The data
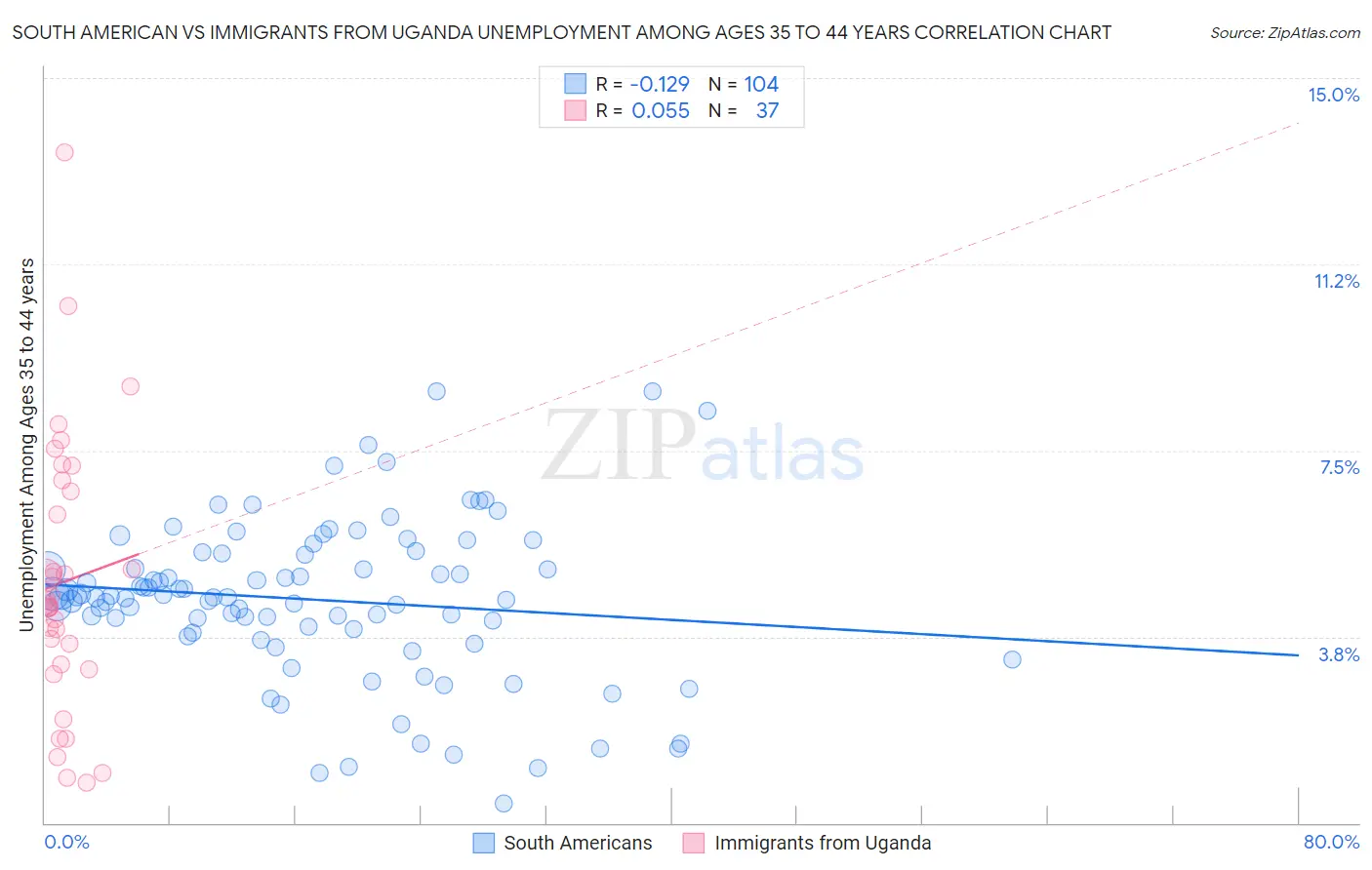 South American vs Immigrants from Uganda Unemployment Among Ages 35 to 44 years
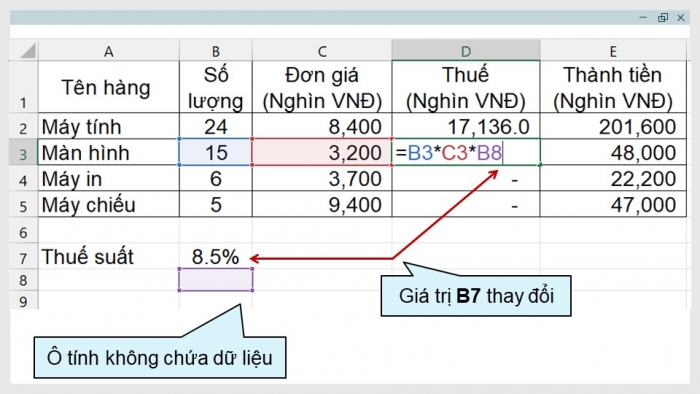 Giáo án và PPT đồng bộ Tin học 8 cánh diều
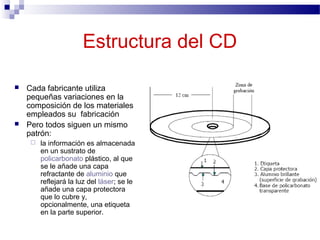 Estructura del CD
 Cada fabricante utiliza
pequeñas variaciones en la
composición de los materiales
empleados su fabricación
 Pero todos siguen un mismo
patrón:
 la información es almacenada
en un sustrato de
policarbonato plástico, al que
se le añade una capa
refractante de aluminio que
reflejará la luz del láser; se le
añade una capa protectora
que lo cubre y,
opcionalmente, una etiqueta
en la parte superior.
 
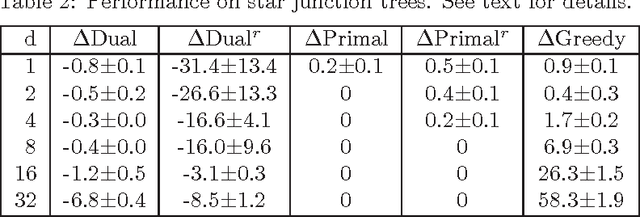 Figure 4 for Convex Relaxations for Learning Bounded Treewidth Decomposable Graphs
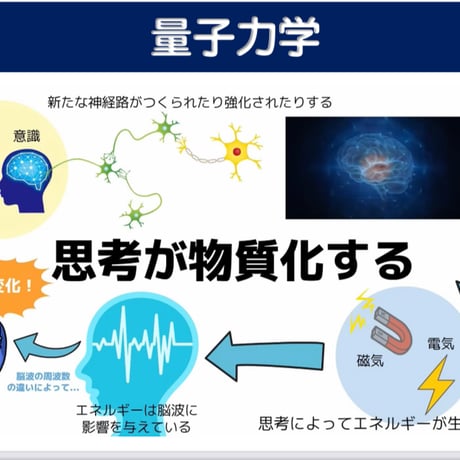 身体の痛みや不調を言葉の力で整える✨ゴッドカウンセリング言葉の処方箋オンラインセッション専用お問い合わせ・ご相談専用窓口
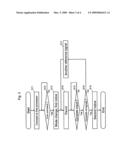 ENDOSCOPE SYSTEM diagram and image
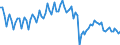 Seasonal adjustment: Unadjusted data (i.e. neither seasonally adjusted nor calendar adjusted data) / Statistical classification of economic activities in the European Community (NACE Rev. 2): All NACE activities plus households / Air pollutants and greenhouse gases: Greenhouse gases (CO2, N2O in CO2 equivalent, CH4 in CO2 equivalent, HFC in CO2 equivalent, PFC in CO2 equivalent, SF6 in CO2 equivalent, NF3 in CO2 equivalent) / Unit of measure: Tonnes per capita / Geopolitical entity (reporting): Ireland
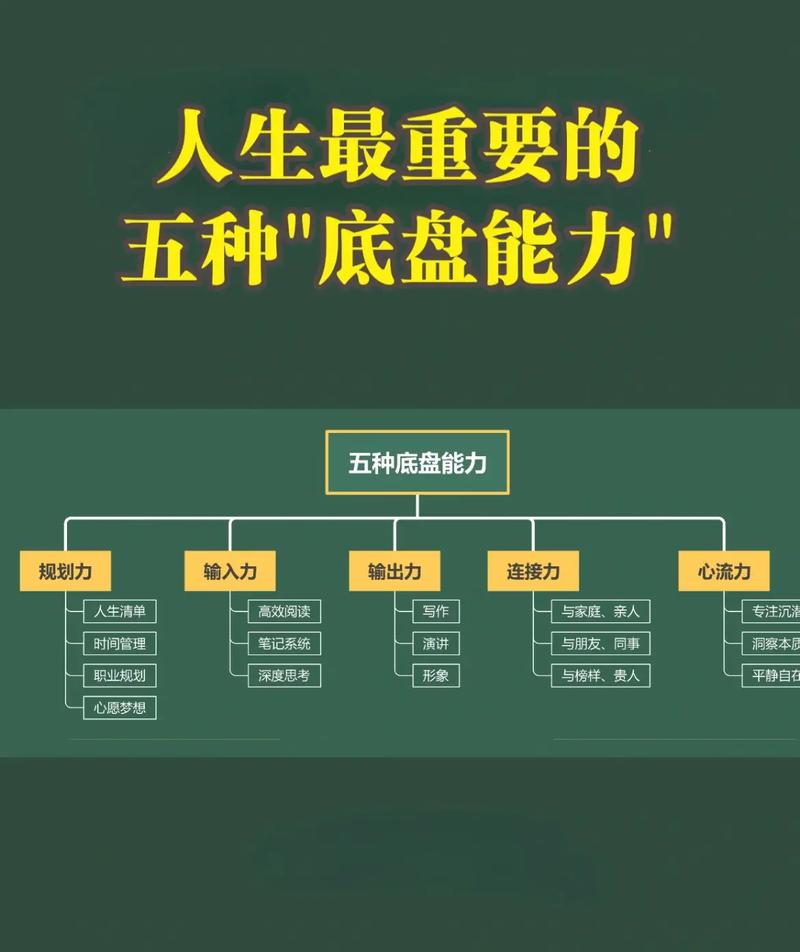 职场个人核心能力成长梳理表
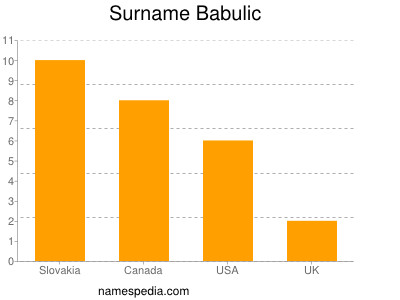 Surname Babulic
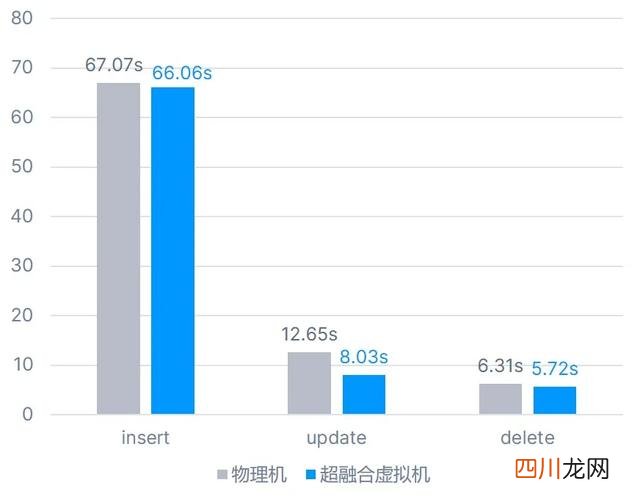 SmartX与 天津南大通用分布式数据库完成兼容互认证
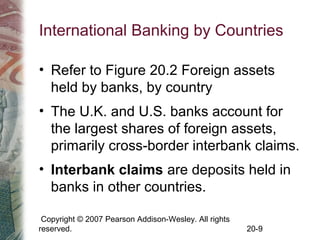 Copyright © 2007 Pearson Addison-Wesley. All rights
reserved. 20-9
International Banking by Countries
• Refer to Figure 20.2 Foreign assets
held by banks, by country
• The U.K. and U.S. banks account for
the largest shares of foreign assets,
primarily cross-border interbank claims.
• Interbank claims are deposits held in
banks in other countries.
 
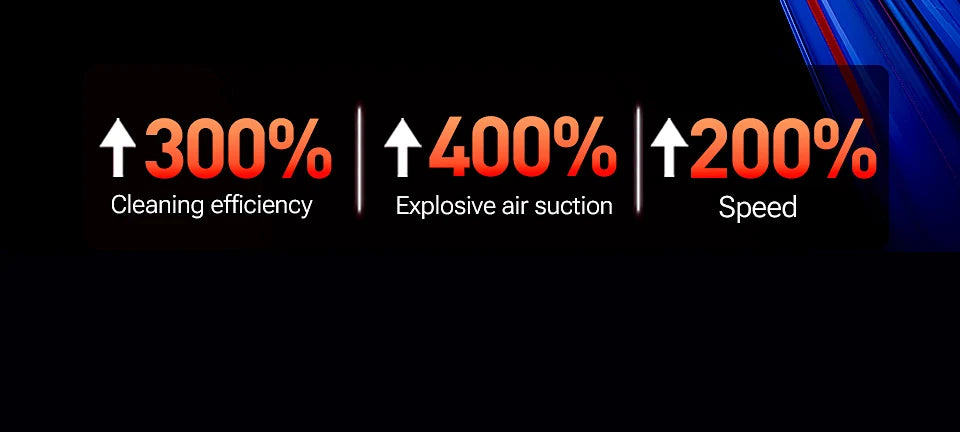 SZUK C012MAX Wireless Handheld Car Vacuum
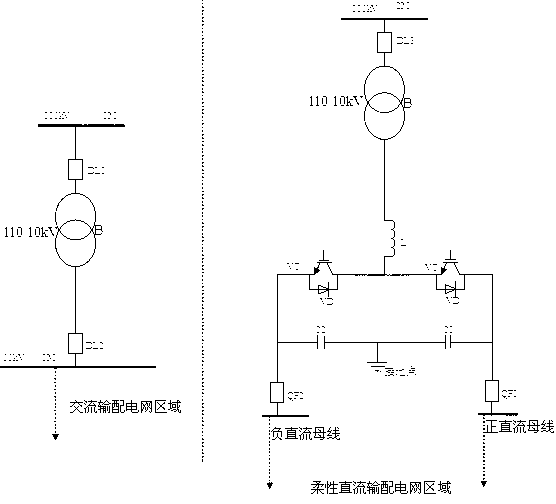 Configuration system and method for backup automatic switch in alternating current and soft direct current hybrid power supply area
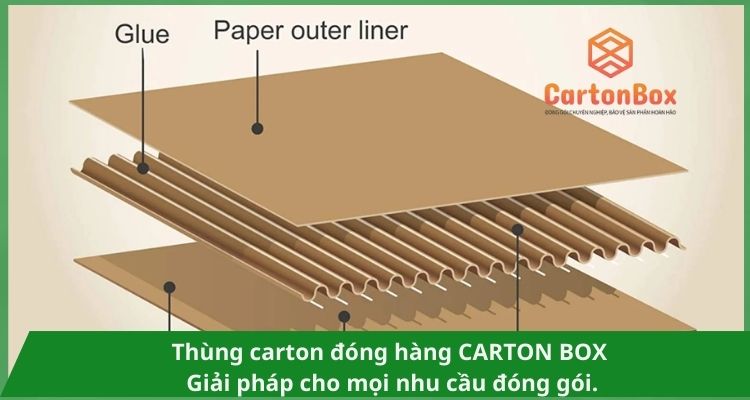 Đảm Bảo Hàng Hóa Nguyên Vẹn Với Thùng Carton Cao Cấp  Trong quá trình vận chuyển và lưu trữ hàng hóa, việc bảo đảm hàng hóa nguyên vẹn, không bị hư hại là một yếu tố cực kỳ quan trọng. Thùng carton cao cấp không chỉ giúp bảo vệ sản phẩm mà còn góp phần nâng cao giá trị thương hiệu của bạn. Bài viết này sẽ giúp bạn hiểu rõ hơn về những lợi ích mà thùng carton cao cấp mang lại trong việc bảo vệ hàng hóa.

Task directions
Repeat only what runs from the first line of the records above to the line with "reserved. 20-9", both included, word for word, minus the pictures.

Exercise response
 South American vs Immigrants from Uganda Unemployment Among Ages 35 to 44 years
 Giáo án và PPT đồng bộ Tin học 8 cánh diều
 Estructura del CD
 Cada fabricante utiliza
pequeñas variaciones en la
composición de los materiales
empleados su fabricación
 Pero todos siguen un mismo
patrón:
 la información es almacenada
en un sustrato de
policarbonato plástico, al que
se le añade una capa
refractante de aluminio que
reflejará la luz del láser; se le
añade una capa protectora
que lo cubre y,
opcionalmente, una etiqueta
en la parte superior.
 
 Figure 4 for Convex Relaxations for Learning Bounded Treewidth Decomposable Graphs
 身体の痛みや不調を言葉の力で整える✨ゴッドカウンセリング言葉の処方箋オンラインセッション専用お問い合わせ・ご相談専用窓口
 ENDOSCOPE SYSTEM diagram and image
 Seasonal adjustment: Unadjusted data (i.e. neither seasonally adjusted nor calendar adjusted data) / Statistical classification of economic activities in the European Community (NACE Rev. 2): All NACE activities plus households / Air pollutants and greenhouse gases: Greenhouse gases (CO2, N2O in CO2 equivalent, CH4 in CO2 equivalent, HFC in CO2 equivalent, PFC in CO2 equivalent, SF6 in CO2 equivalent, NF3 in CO2 equivalent) / Unit of measure: Tonnes per capita / Geopolitical entity (reporting): Ireland
 职场个人核心能力成长梳理表
 Surname Babulic
 SmartX与 天津南大通用分布式数据库完成兼容互认证
 Copyright © 2007 Pearson Addison-Wesley. All rights
reserved. 20-9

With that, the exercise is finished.